Apapun sistem pemungutan suara yang diterapkan, termasuk usulan pemanfaatan e-voting yang menjadi fokus diskusi dalam tulisan ini, pada akhirnya harus mampu memenuhi tuntutan-tuntutan yang sama. Kelemahan performa e-voting akan menghasilkan dampak negatif yang sangat besar. Kelemahan performa e-voting berkaitan dengan kegagalan pemanfaatan budget pemilihan. Kelemahan performa e-votingmemungkinkan masuknya kepentingan pihak-pihak yang ingin mengacaukan proses dan hasil pemilihan. Dan yang paling penting adalah kelemahan performa e-voting dapat mengurangi kepercayaan masyarakat (public confidence) pada e-voting dan hasil pemilihan presiden. Jika ini terjadi, election administratorkemungkinan harus mengulang proses pemilihan, yang artinya pembengkakan biaya demokrasi. Rendahnyapublic confidence yang berlarut-larut pada akhirnya dapat membahayakan kehidupan negara. Yang demikian adalah alasan menggolongkan e-voting sebagai Safety Critical System [1].
E-voting, baik yang dilaksanakan dalam controlled environment – seperti polling stations, maupun dalamuncontrolled environment – seperti di rumah atau kantor melalui personal computer, harus berbasis internet protocol. Internet berfungsi mulai dari menampilkan electronic ballot hingga mengirimkan data suara ke pusat tabulasi. Yang perlu dipahami adalah bahwa internet adalah sebuah sistem yang memiliki banyak lubang keamanan yang dapat mengancam kelancaran dan kredibilitas e-voting dan hasilnya.

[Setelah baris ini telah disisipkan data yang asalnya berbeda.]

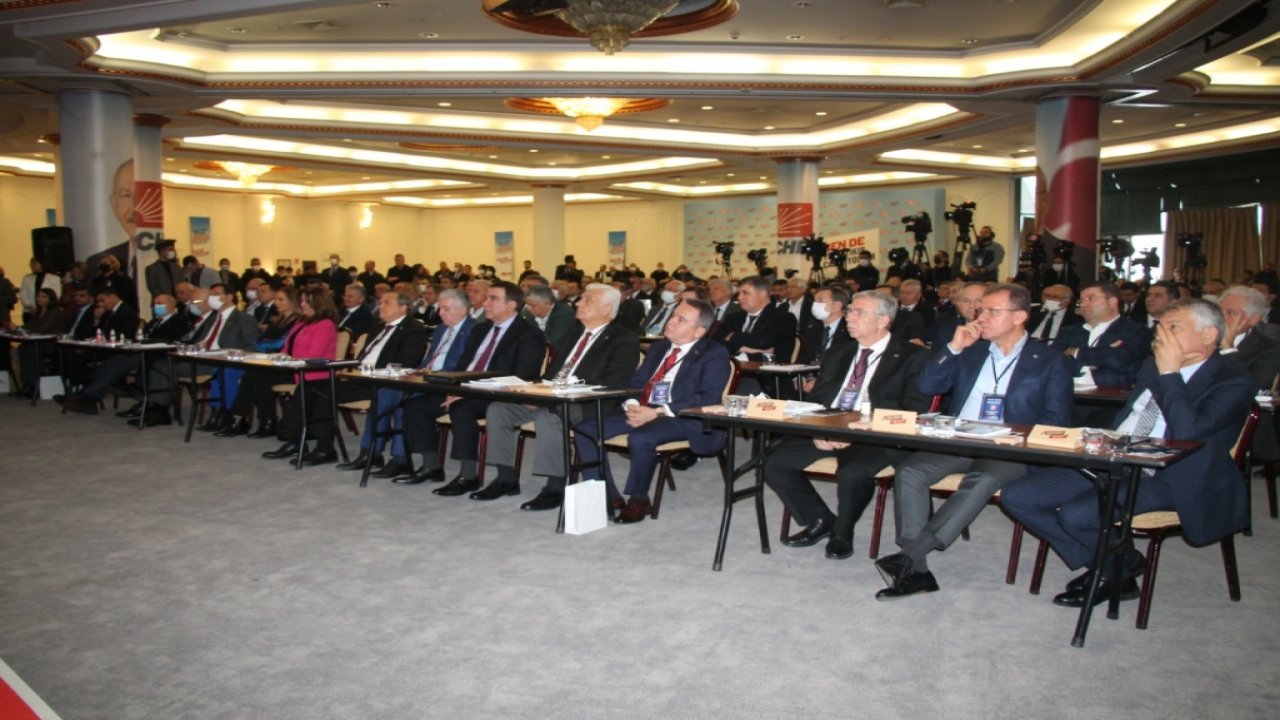 BAŞKAN ARAS: “YOKSULLAŞMA RİSKİ TAŞIYAN 10 MAHALLEYİ İZLİYORUZ”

Para ahli komputer dan sistem informasi sedunia sepakat dalam hal kelemahan sistem keamanan internet dan pemanfaatannya untuk e-voting. Bruce Schneier, pendiri Counterpane Internet Security Inc., mengatakan dalam [2]: “A secure internet voting system is theoretically possible, but it would be the first secure networked application ever created in the history of computers”. Kemudian dalam sebuah artikelnya, Rebecca Mercuri [3], meng-quote pernyataan Peter Neumann – peneliti senior di SRI International’s Computer Science Laboratory – bahwa “The internet is not safe for elections, due to its vast potential for disruption by viruses, denial-or-service flooding, spoofing, and other commonplace malicious interventions”.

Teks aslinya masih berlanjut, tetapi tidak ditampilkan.